- [Exercise]: In the records below, find the line with "Crows by Aaron Mitchell Johnson" and the line with "Orange red lentil daal, close-up"; return exactly those lines and every line between them.

- [Provided data]:
⟨
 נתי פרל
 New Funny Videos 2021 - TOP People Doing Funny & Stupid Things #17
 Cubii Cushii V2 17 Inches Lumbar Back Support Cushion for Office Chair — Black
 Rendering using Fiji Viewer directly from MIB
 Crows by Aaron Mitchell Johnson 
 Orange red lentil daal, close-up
⟩
⟨
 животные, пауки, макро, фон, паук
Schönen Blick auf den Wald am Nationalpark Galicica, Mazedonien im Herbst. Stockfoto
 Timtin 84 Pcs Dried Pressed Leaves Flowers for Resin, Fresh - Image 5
⟩
⟨
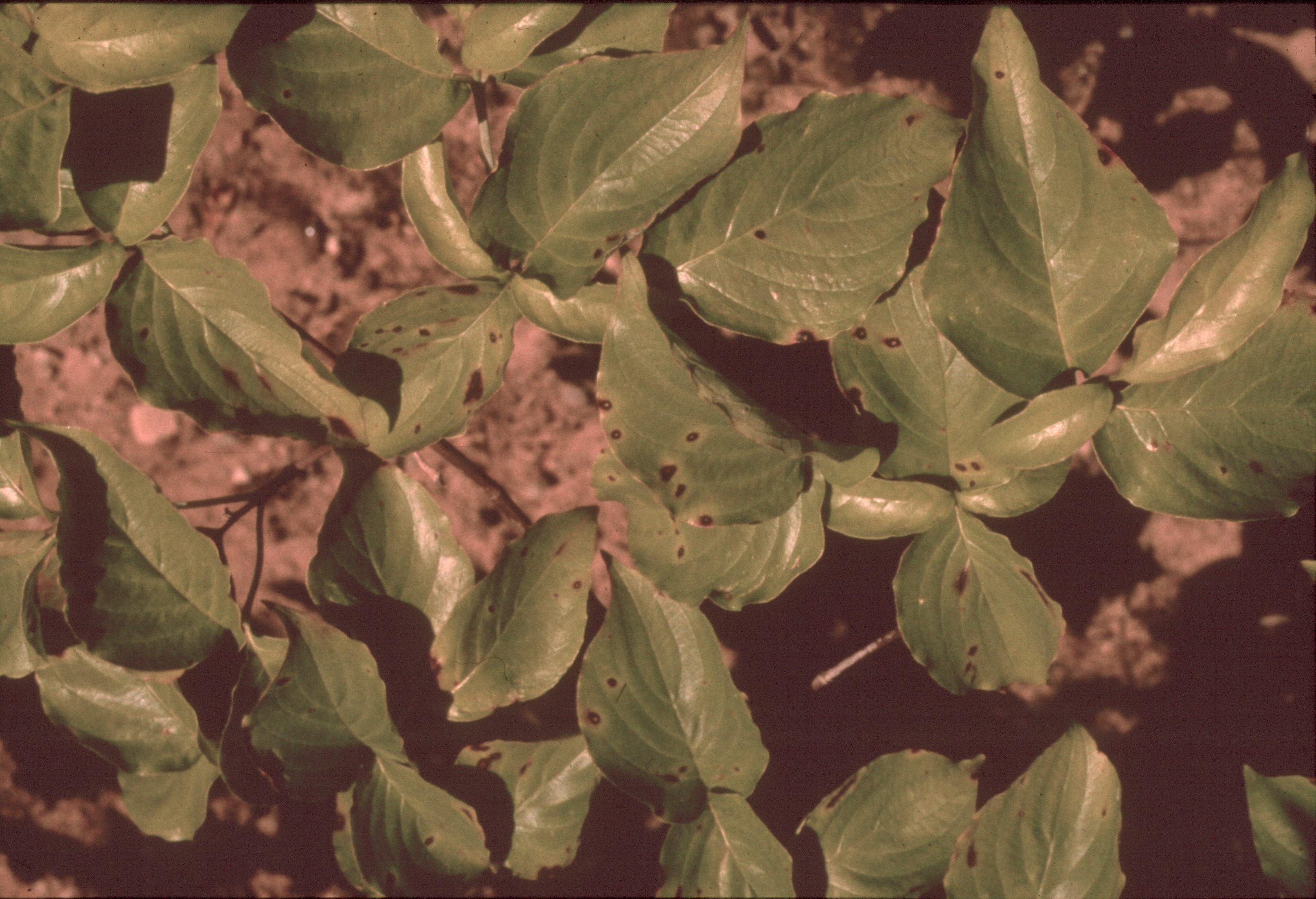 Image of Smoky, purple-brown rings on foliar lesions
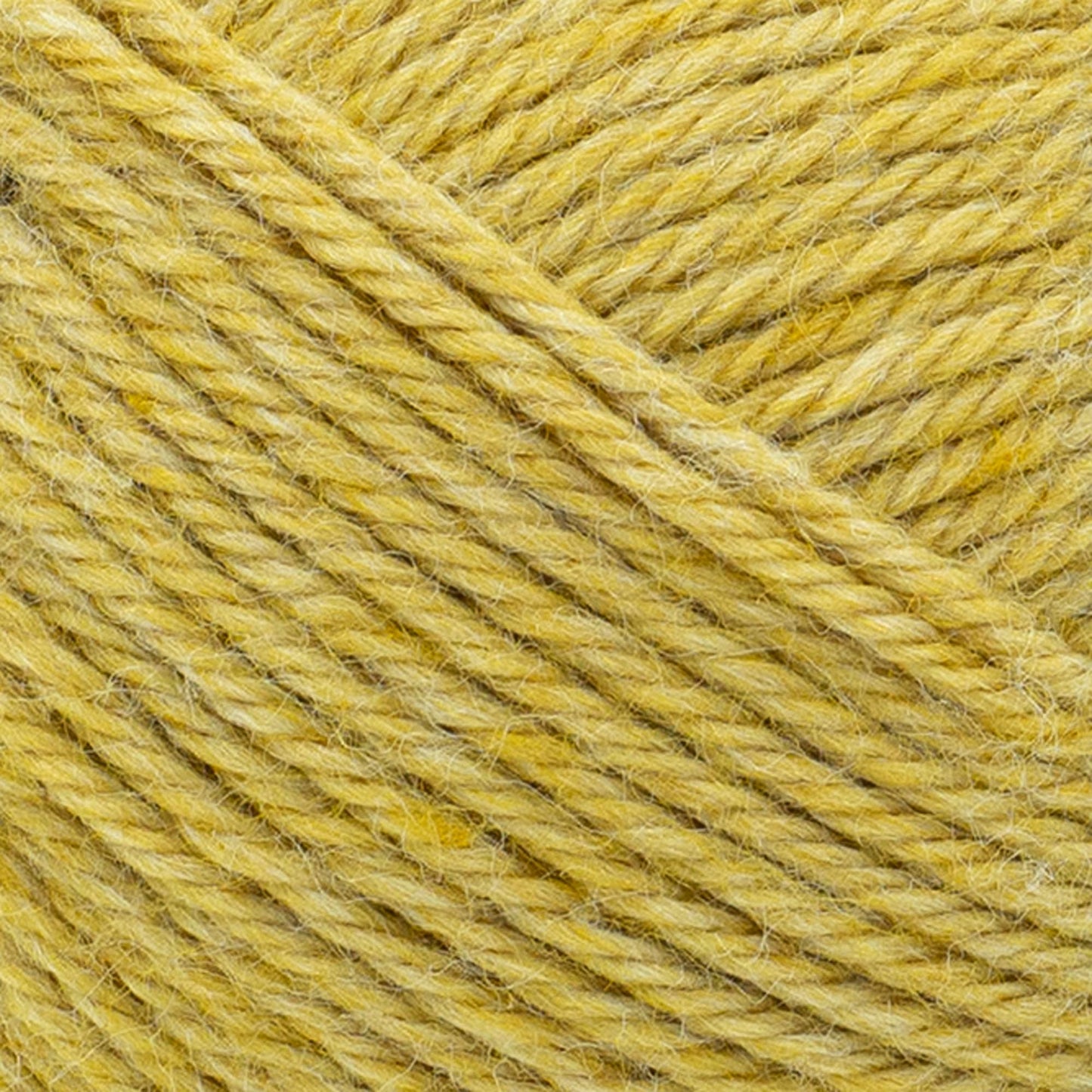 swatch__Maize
⟩
- [Response to this exercise]:
 Crows by Aaron Mitchell Johnson 
 Orange red lentil daal, close-up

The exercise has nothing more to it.